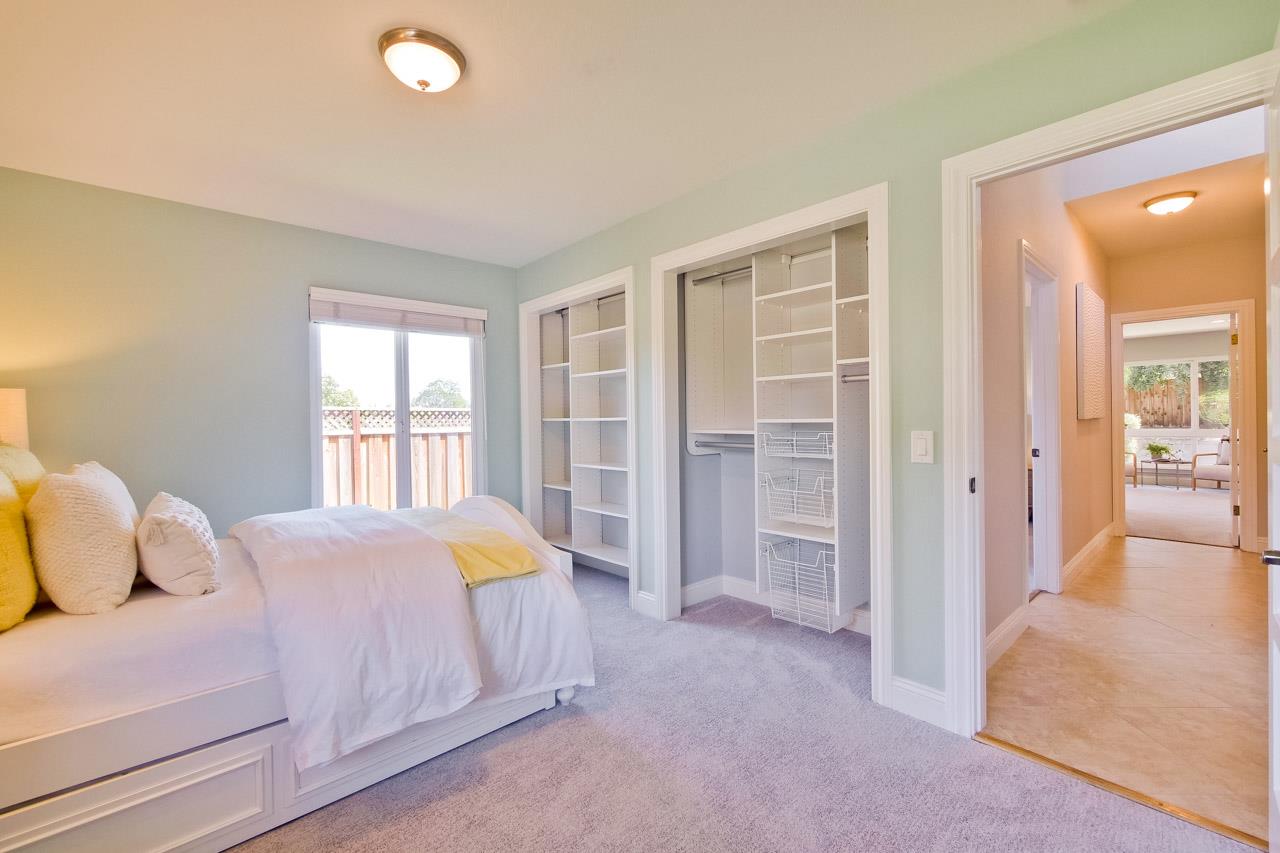 22266 Hartman Drive Cupertino, CA 95014 - Photo 31 of 73 a bedroom with a bed and a window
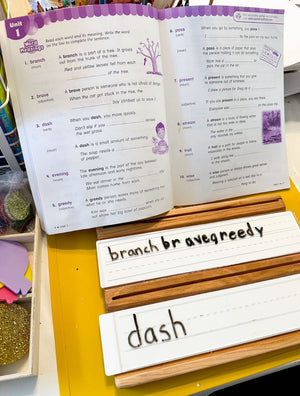 Wooden writing trays with lined white dry erase inserts displaying words from an open workbook on yellow surface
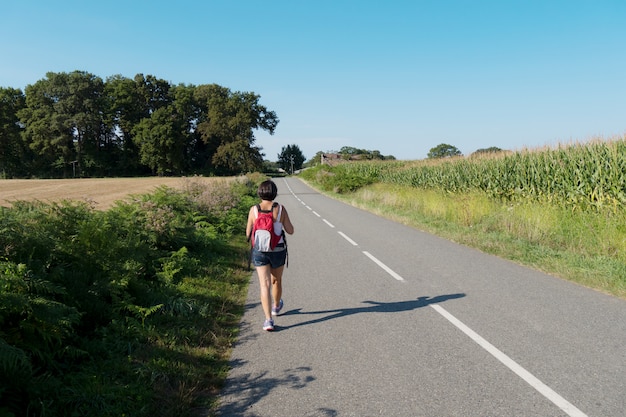 Woman hiker walking on the road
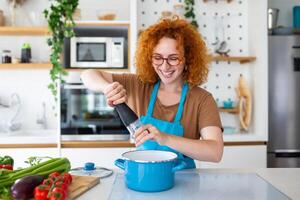 schattig jong vrouw Koken en toevoegen kruid naar maaltijd, lachend en uitgeven tijd in de keuken foto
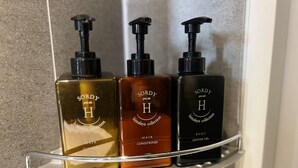 Tres botellas de acondicionador para cabello de la colección Sordy Himalayan sobre un estante de baño.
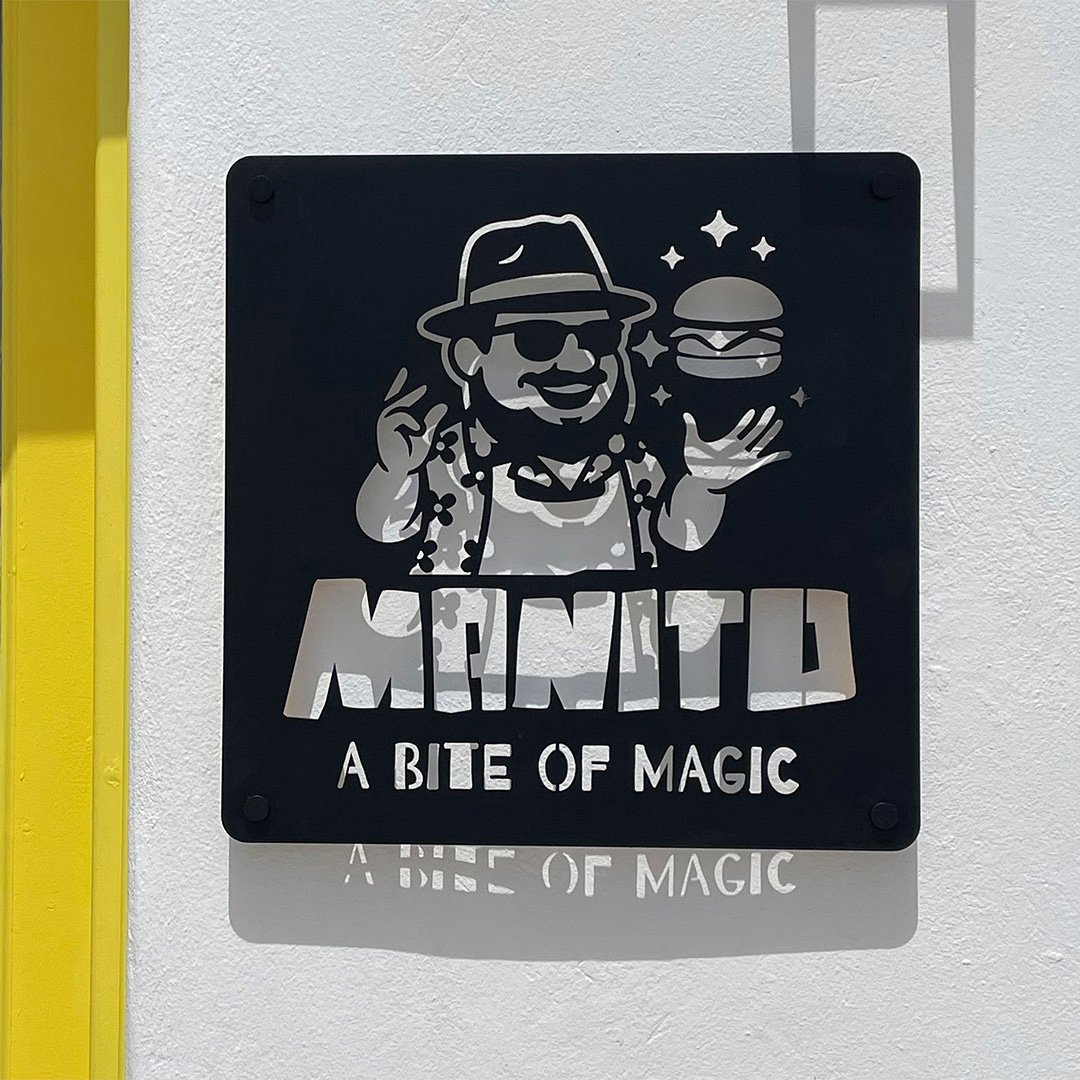 Εξωτερική πινακίδα ΜΑΝΙΤΟ με το λογότυπο A BITE OF MAGIC σε μαύρο και κίτρινο.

======

◆ **The problem**: Exactly reproduce each record, leaving out any pictures.

◆ **Written answer**:
 22266 Hartman Drive Cupertino, CA 95014 - Photo 31 of 73 a bedroom with a bed and a window
 Wooden writing trays with lined white dry erase inserts displaying words from an open workbook on yellow surface
 Woman hiker walking on the road
 schattig jong vrouw Koken en toevoegen kruid naar maaltijd, lachend en uitgeven tijd in de keuken foto
 Tres botellas de acondicionador para cabello de la colección Sordy Himalayan sobre un estante de baño.
 Εξωτερική πινακίδα ΜΑΝΙΤΟ με το λογότυπο A BITE OF MAGIC σε μαύρο και κίτρινο.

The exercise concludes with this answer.